Whilst Ishigami’s Serpentine Pavilion’s 106 columns have been criticised for their over-use, it is the darkness inside the pavilion which is slightly disappointing. The pavilion’s unique location in the middle of Hyde Park – surrounded by the natural landscape of flora and fauna – is not used as an asset but almost completely ignored. Natural light should be a key ingredient to any work, especially when sustainability is the key issue of 2019 onwards, and the pavilion uses artificial lighting inside to brighten up the space. With this in mind, the pavilion acts as a bunker in the middle of one of London’s most beautiful public parks. Indeed Ishigami intended the structure to be “a cave-like space, a refuge for contemplation”. This seems to be a contradiction to Ishigami’s manifesto, but his use and reinterpretation of British materials validates the overall design. The architect states “A stone creates a landscape, and a landscape usually sits outside of a building. I wanted to create the landscape inside the building, as a theory of the landscape that the stone creates outside.”

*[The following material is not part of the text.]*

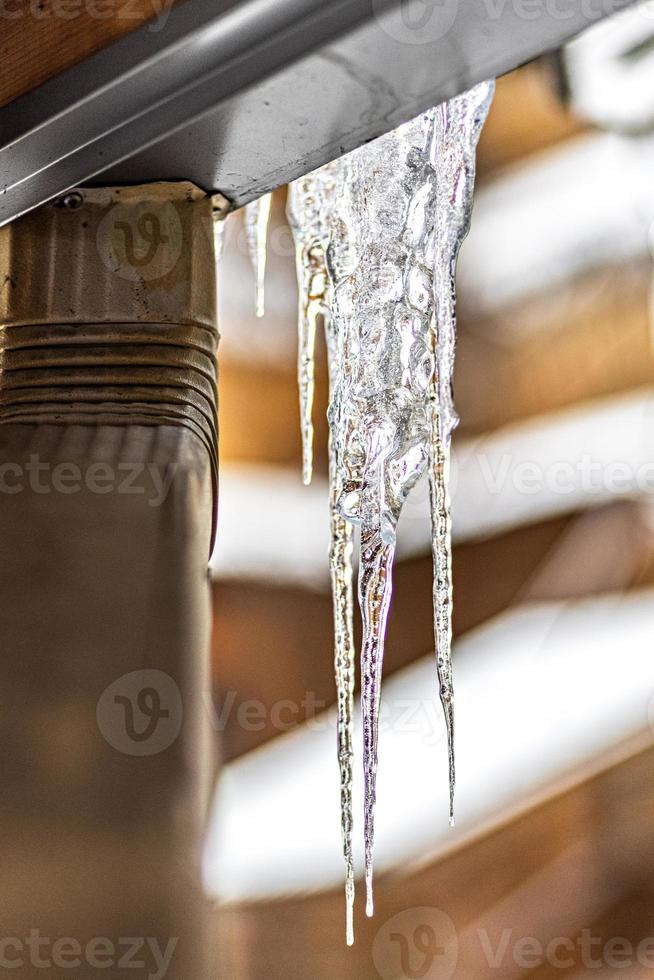 un grande ghiacciolo trasparente pende dal tetto della casa. gelate invernali foto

Earlier this year a slight nod of controversy veiled the design’s build as Ishigami + Associates were criticised for not paying interns working on the Serpentine project (in the UK it is illegal to not pay interns who have graduated from University, whereas in Japan it is common practise). The Serpentine Gallery insisted upon correct measure and the firm quickly obliged. It proves the importance of such a simple commission by an art gallery can create major change for the architectural industry; first through conversation then action.

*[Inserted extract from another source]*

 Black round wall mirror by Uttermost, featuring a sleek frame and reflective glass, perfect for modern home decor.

The Serpentine Pavilion brief has remained unchanged since its inception: to design a 300sqm that is used as a meeting place and cafe by day, and a forum for entertainment and learning by night. Realised entirely through sponsorship and a final sale, the Pavilion can later be found anywhere in the world after its tenancy in front of the Serpentine Gallery during Summer. Conceived by former director Julia Peyton Jones and her first Pavilion concept commission for Zaha Hadid in 2000, architects such as Rem Koolhaas and Cecil Belmond Arup in 2006, Frank Gehry in 2008, Herzog & de Meuron and Ai WeiWei in 2012 and Bjarke Ingels Group in 2016 who have taken on the brief and excelled in innovation and creativity. The only requirement is that the architect has not yet completed a structure in England (at the time of invitation), making the Serpentine directors’ architect choices even more forward-thinking and pivotal. This concept is the first of its kind, with the idea now replicated in international cities such as Melbourne, Australia.

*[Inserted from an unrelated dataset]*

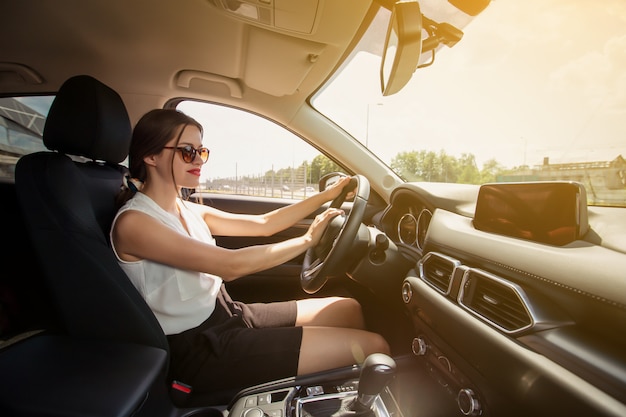 Mujer sonriendo mientras conduce un auto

On July 11th the Serpentine Augmented Architecture program will launch in the Serpentine Pavilion, premiering with NYC-based artist Jakob Kudsk Steensen’s work The Deep Listener. Together with Google Arts and Culture, nature and architecture combine with technology to create a new visitor experience. In addition, from July to September, the pavilion will play host to the Serpentine Park Nights supported by clothing retailer COS. Held on select Friday evenings, the events activate the pavilion in different ways: from dance to music and film in addition to art and architecture-themed works. This year, designer Kiko Kostadinov activates the space, along with director Leila Weinraub on a separate evening.